(Assignment):
Return the data word for word. Pictures are to be omitted.

(Extracted data):
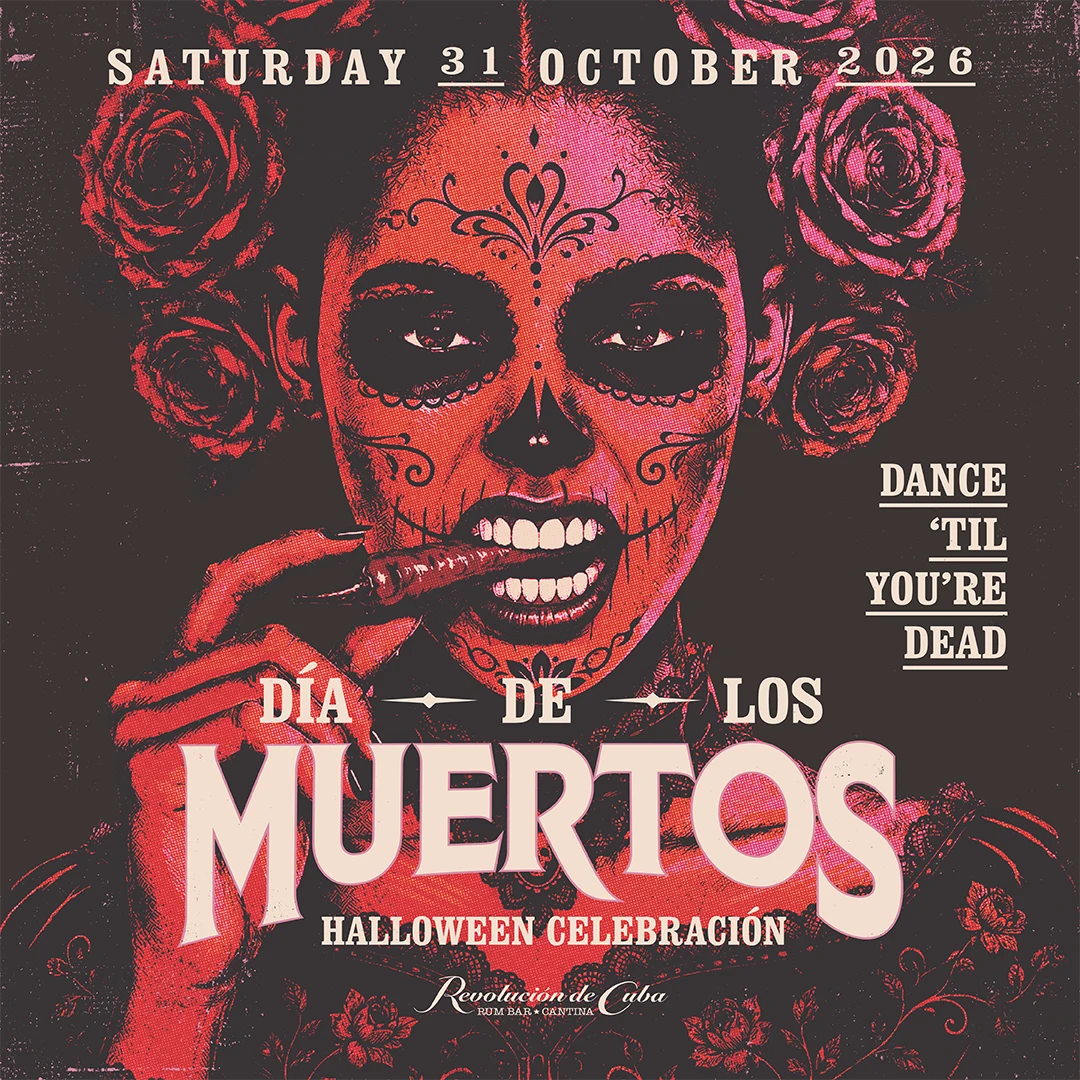 Halloween 2026 - Día de los Muertos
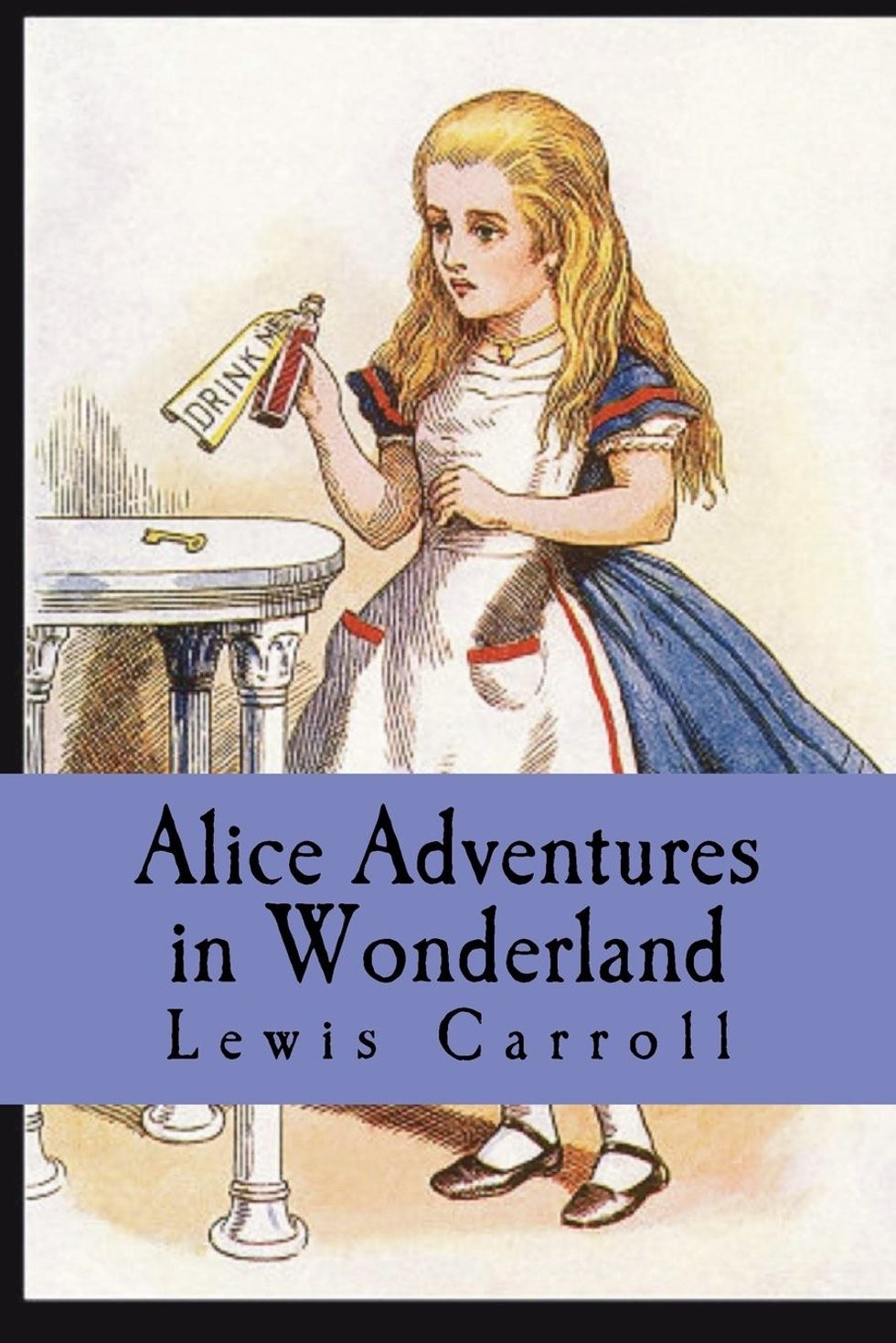 Alice in Wonderland by Lewis Carroll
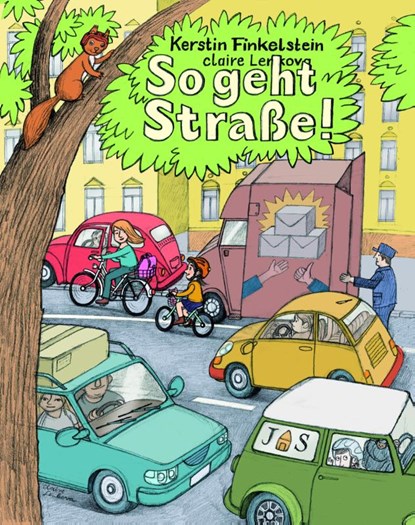 So geht Straße!, Kerstin E. Finkelstein - Gebonden - 9783964282132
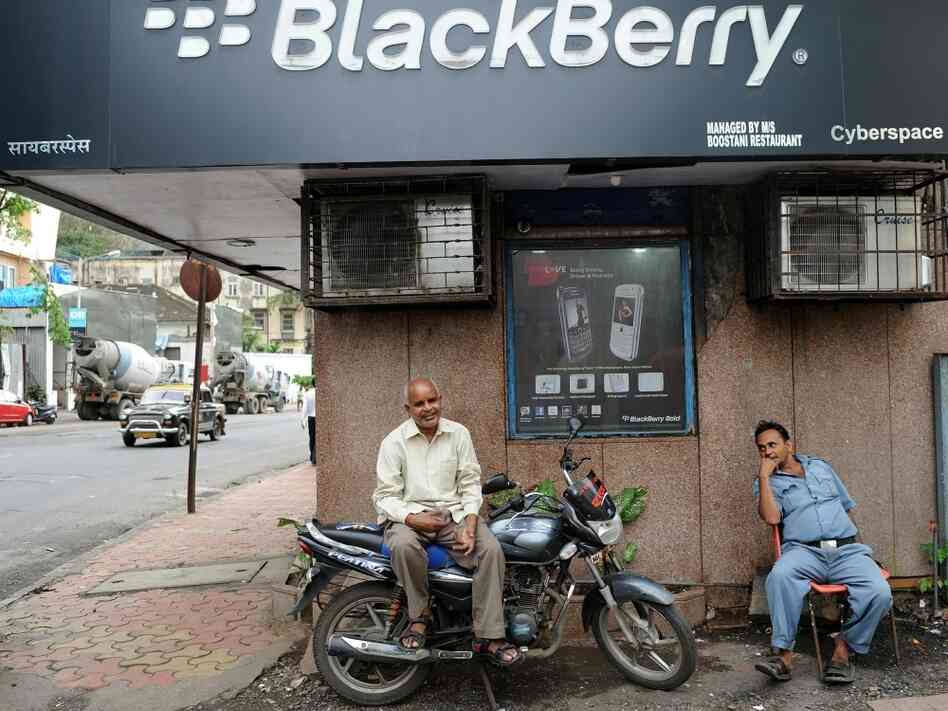 BlackBerry and India BlackBerry and India
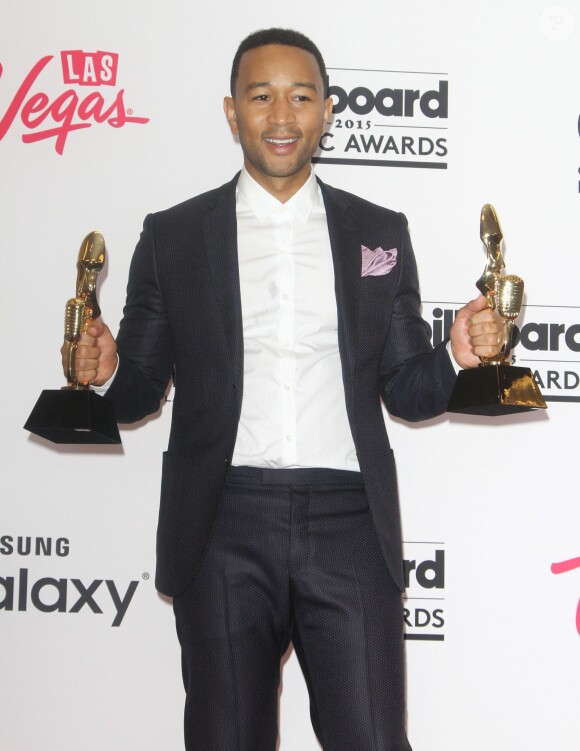 John Legend - Soirée des "Billboard Music Awards" à Las Vegas le 17 mai 2015. 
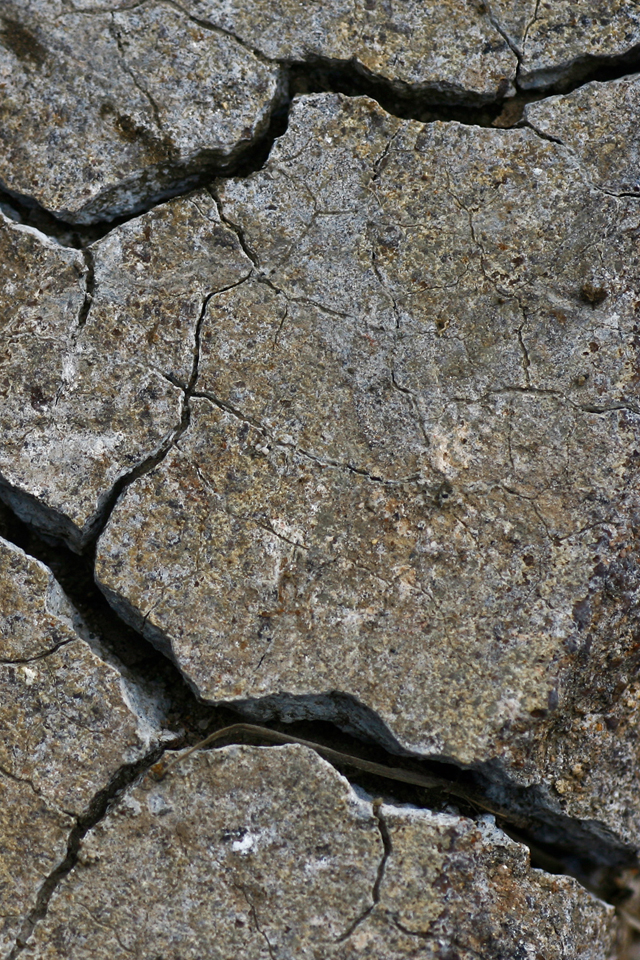 Cracked Wallpaper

(Task answer):
 Halloween 2026 - Día de los Muertos
 Alice in Wonderland by Lewis Carroll
 So geht Straße!, Kerstin E. Finkelstein - Gebonden - 9783964282132
 BlackBerry and India BlackBerry and India
 John Legend - Soirée des "Billboard Music Awards" à Las Vegas le 17 mai 2015. 
 Cracked Wallpaper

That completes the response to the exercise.